Free trade will be but a one-way trade with Australia and New Zealand in the first place being positioned to unload their wares on the Pacific Islands to the tune of more billion dollars in addition to the several billions worth they supply now.

Pacific Islands leaders are becoming aware that the vision of free trade is quite likely a façade. If, as of now, Pacific Islands banana plantations could overnight be restored and improved to supply quality fruit that Australia could invent no excuse for not accepting, what would happen? The banana growers of Queensland and New South Wales would raise objections any Australian government would ignore at its peril.

The labour issue was one waiting to surface at the Port Moresby Forum. Some elements of the Australian trade union movement have signalled that they are prepared to accept “guest workers” on their conditions-basically not at the cost of the job of any recumbent Aussie layabout and equal pay for equal work.

Australia has genuine cause for reservations about “guest workers”-a euphemism for temporary sweatshop labour treated somewhat more kindly than the good old blackbirding days. Basically it has a nightmare about hordes of overstayers becoming illegal presences too large, vocal and troublesome to boot back home.
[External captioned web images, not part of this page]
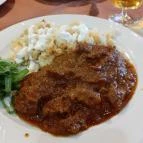 Sziget Vendéglő Gödöllő - Egyéb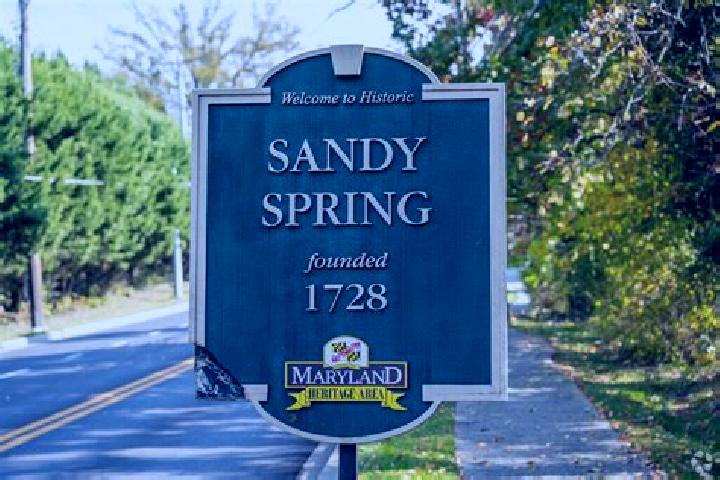 escort Ashton-Sandy Spring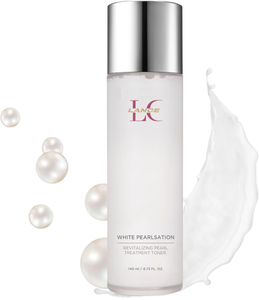 Tónico Hidratante Lácteo Lance con Péptidos Sensibles, Líquido de Marca Privada, Hidratación Profunda, Iluminador, Piel Opaca, Radiante y Ligero - Product Image 1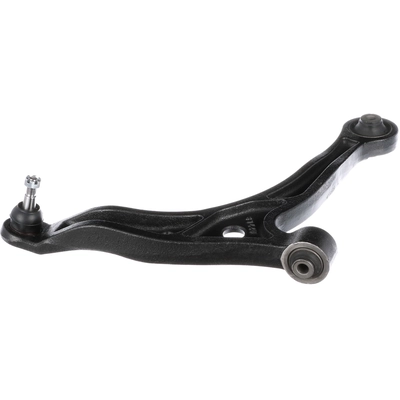 Control Arm With Ball Joint by DELPHI - TC5362 pa4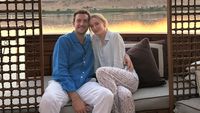 8 Kemesraan Sophie Turner & Pacar Baru, Go Public Baru Menjanda Sebulan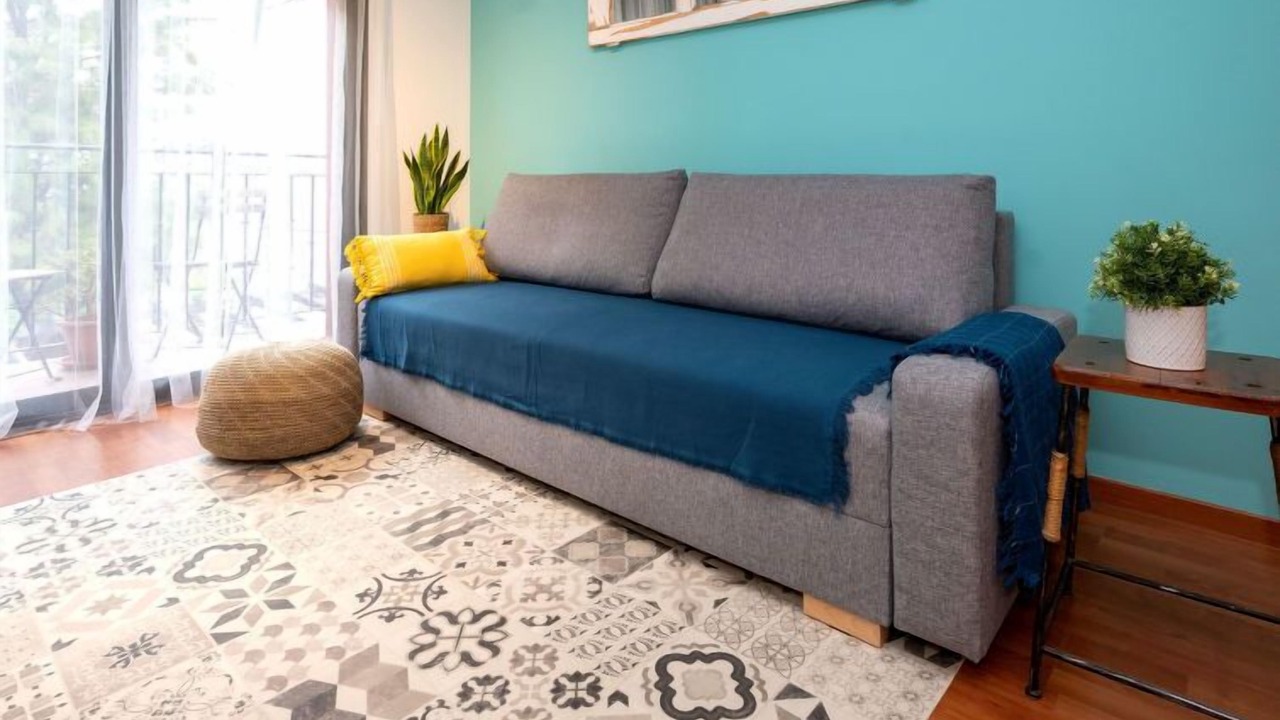 Photo of Livingroom in Malgrat de Mar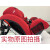 巧儿宜（JOIE）巧儿宜儿童安全座椅汽车用0-7岁便携式婴儿宝宝车载适特捷 红色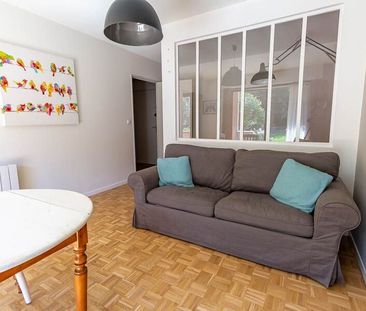 Appartement à louer 2 pièces • 47 m2 Toulouse - Photo 3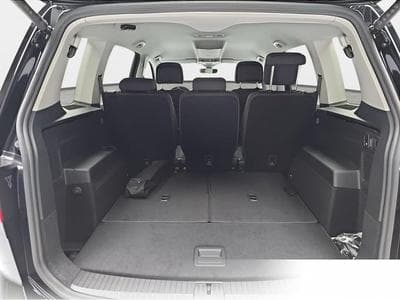 VW Touran (2026) - Foto 13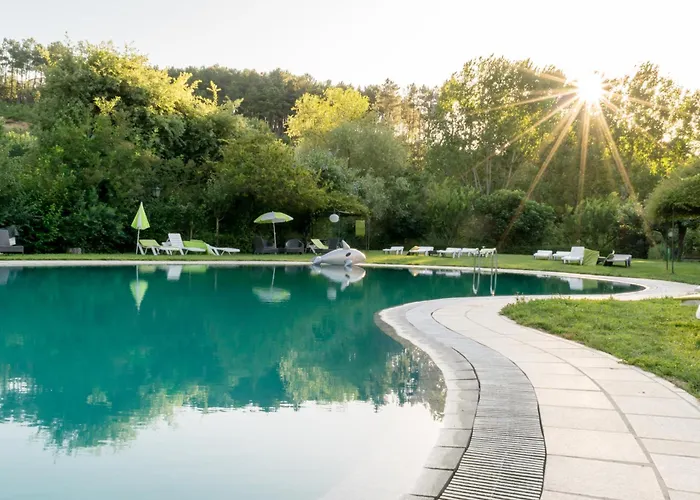 Quinta Do Crestelo Apart-hotel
But we wonder if that scenario should be taken to be a convincing one.

For most Pacific Islanders, there's still no place like home, and home is where dependents and customary obligations exert a powerful draw. Most 'guests' will have a desire to preserve a clean slate with Australia so as to be able to return again and again for jobs an increasing number of Australians have neither the desire nor the competency to perform.